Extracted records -
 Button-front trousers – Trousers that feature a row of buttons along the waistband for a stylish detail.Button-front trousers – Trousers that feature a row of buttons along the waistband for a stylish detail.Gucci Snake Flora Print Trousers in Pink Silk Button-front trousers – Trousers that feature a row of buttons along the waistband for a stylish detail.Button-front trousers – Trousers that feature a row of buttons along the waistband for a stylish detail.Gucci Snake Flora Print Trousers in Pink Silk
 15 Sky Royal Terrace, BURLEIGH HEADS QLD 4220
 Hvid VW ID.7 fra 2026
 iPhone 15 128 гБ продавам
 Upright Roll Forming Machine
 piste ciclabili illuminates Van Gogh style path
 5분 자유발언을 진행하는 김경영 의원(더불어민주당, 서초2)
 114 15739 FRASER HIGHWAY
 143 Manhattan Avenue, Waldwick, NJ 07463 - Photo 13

TO DO - Nothing but an exact transcription of the records is expected.

OUTPUT OF THE TASK -
 Button-front trousers – Trousers that feature a row of buttons along the waistband for a stylish detail.Button-front trousers – Trousers that feature a row of buttons along the waistband for a stylish detail.Gucci Snake Flora Print Trousers in Pink Silk Button-front trousers – Trousers that feature a row of buttons along the waistband for a stylish detail.Button-front trousers – Trousers that feature a row of buttons along the waistband for a stylish detail.Gucci Snake Flora Print Trousers in Pink Silk
 15 Sky Royal Terrace, BURLEIGH HEADS QLD 4220
 Hvid VW ID.7 fra 2026
 iPhone 15 128 гБ продавам
 Upright Roll Forming Machine
 piste ciclabili illuminates Van Gogh style path
 5분 자유발언을 진행하는 김경영 의원(더불어민주당, 서초2)
 114 15739 FRASER HIGHWAY
 143 Manhattan Avenue, Waldwick, NJ 07463 - Photo 13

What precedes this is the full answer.